- Your goal: Restate the following records word for word without images.

- Information supplied:
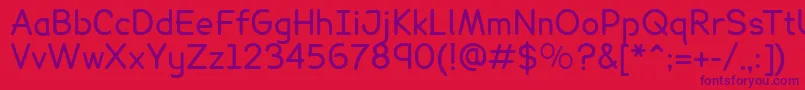 Czcionka Lexia – fioletowe czcionki na czerwonym tle
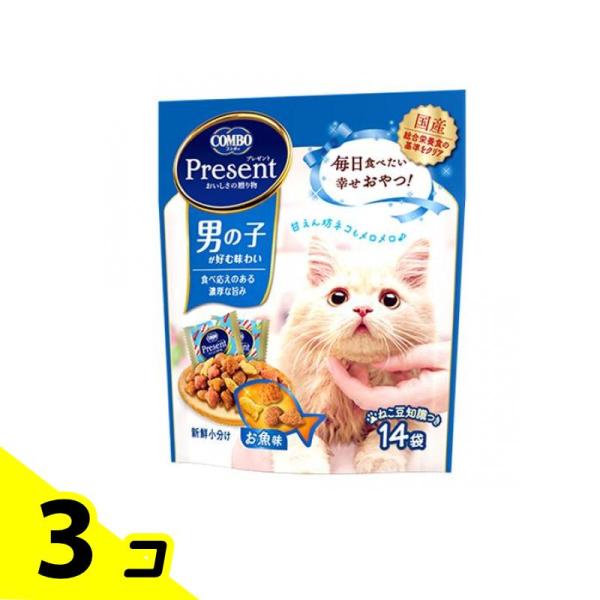 他サイト： コンボ プレゼント キャット おやつ 男の子 お魚味 14袋入 (42g) 3個セットの商品画像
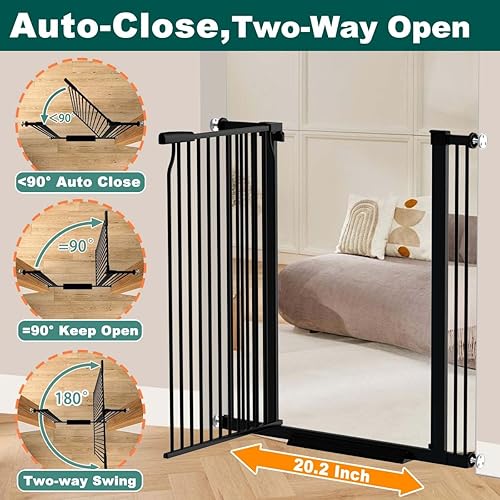 Miniatura 5 de Fairy Baby Puerta de bebé extra alta de 40.5 pulgadas para escaleras, puerta larga extra ancha de 65.8 a 72.2 pulgadas para mascotas, puerta de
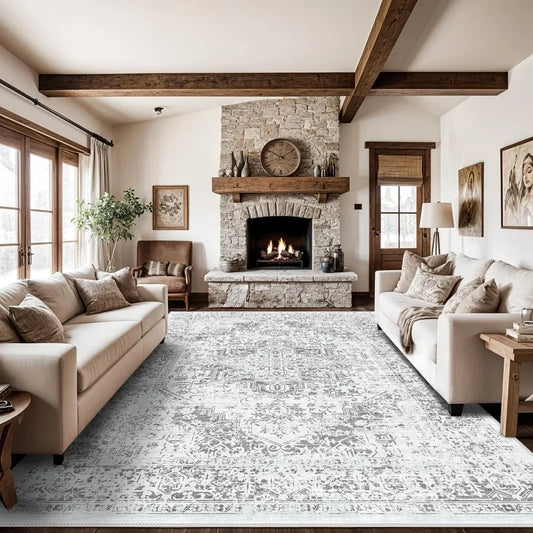 Washable Rugs, Living Room Area Rug Indoor Large Non Slip, for Apartment Bedroom Office Light Grey, Rugs for Bedroom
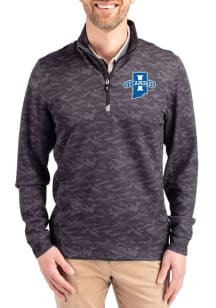 Cutter and Buck Indiana State Sycamores Mens Black Traverse Camo Long Sleeve Qtr Zip Pullover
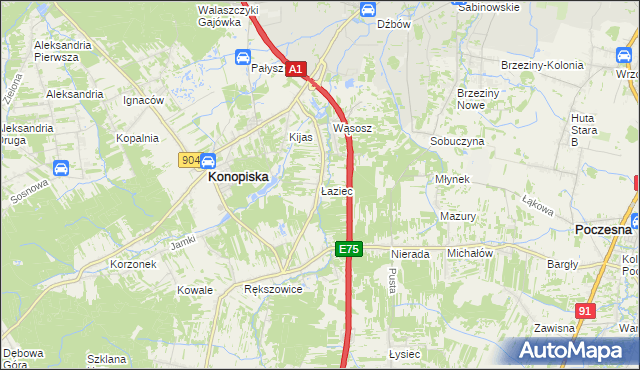 mapa Łaziec, Łaziec na mapie Targeo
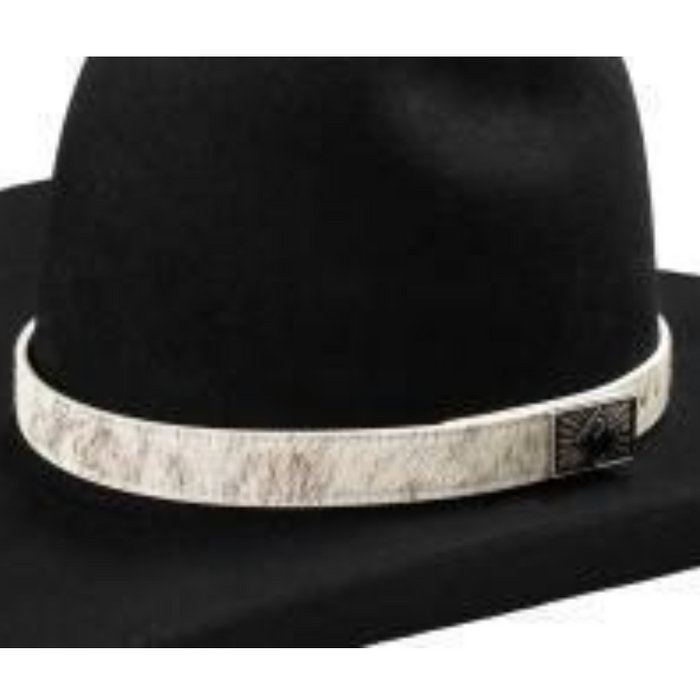 3D Belt Co. Black and White Calf Hair & Black Stone Buckled Hat Band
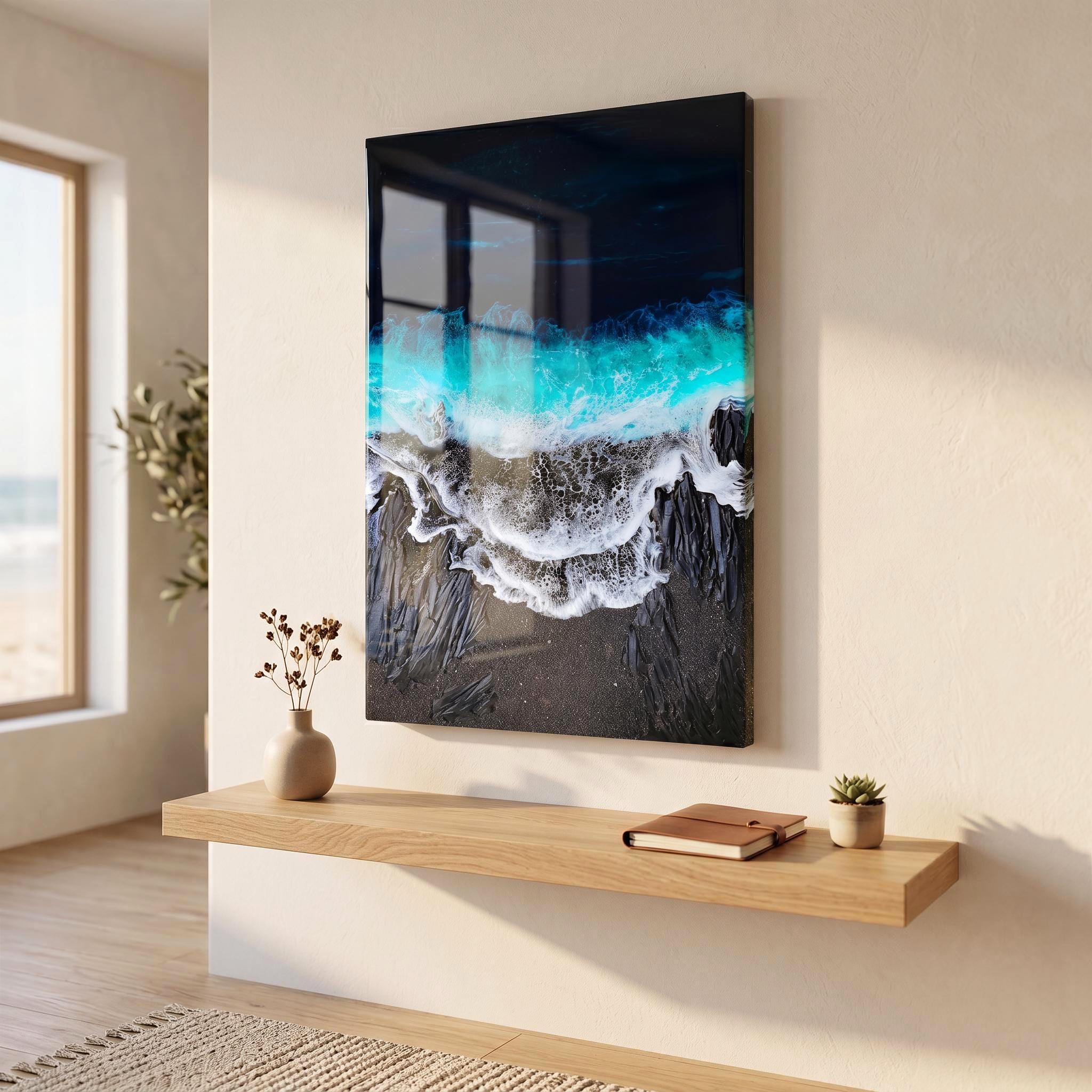 Black Sand Ocean Resin Art – Dramatic Wave Wall Art – Modern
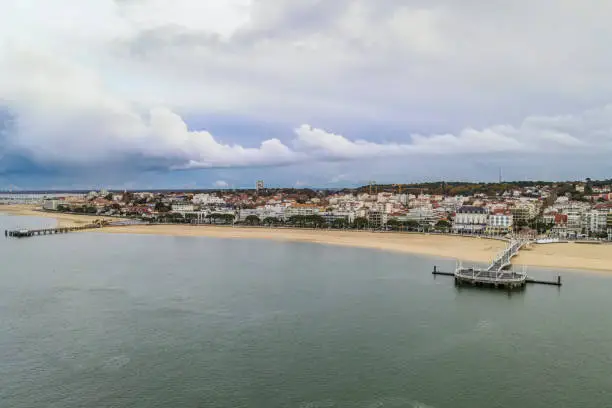 View of Arcachon and its piers, Arcachon bay, Aquitaine, France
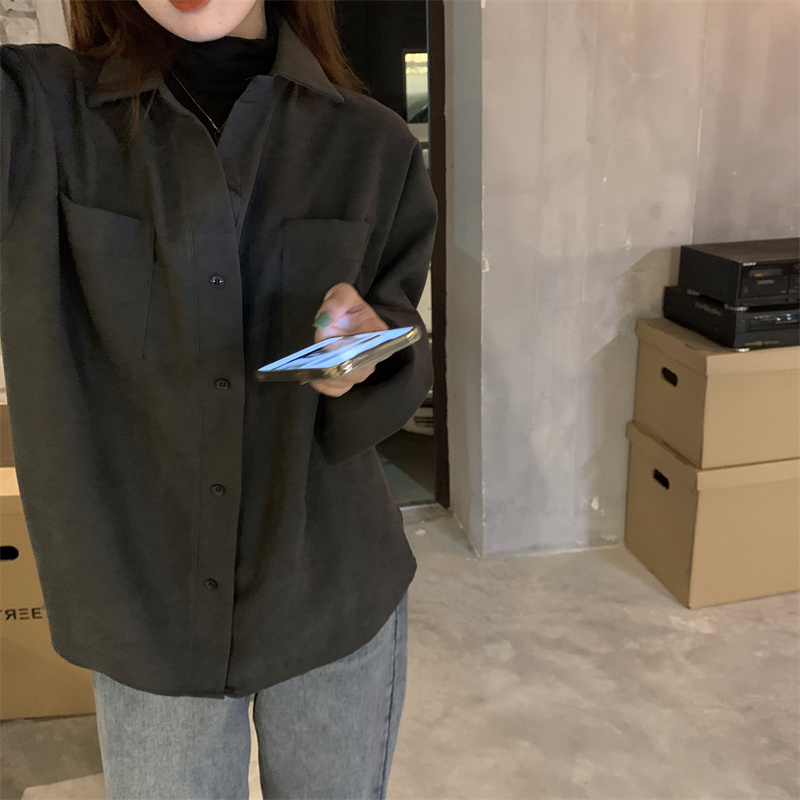長袖襯衫女秋季2024新款簡約港風寬鬆休閒上衣襯衣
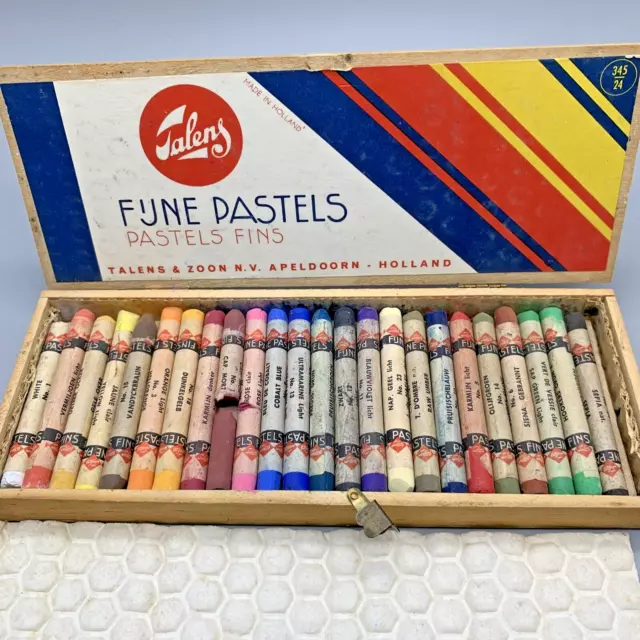 Juego de aletas de pastel vintage Talens & Sons Inc 24 bisagras caja de madera Holanda 345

- Answer for the task:
 Czcionka Lexia – fioletowe czcionki na czerwonym tle
 他サイト： コンボ プレゼント キャット おやつ 男の子 お魚味 14袋入 (42g) 3個セットの商品画像
 Miniatura 5 de Fairy Baby Puerta de bebé extra alta de 40.5 pulgadas para escaleras, puerta larga extra ancha de 65.8 a 72.2 pulgadas para mascotas, puerta de
 Washable Rugs, Living Room Area Rug Indoor Large Non Slip, for Apartment Bedroom Office Light Grey, Rugs for Bedroom
 Cutter and Buck Indiana State Sycamores Mens Black Traverse Camo Long Sleeve Qtr Zip Pullover
 mapa Łaziec, Łaziec na mapie Targeo
 3D Belt Co. Black and White Calf Hair & Black Stone Buckled Hat Band
 Black Sand Ocean Resin Art – Dramatic Wave Wall Art – Modern
 View of Arcachon and its piers, Arcachon bay, Aquitaine, France
長袖襯衫女秋季2024新款簡約港風寬鬆休閒上衣襯衣
 Juego de aletas de pastel vintage Talens & Sons Inc 24 bisagras caja de madera Holanda 345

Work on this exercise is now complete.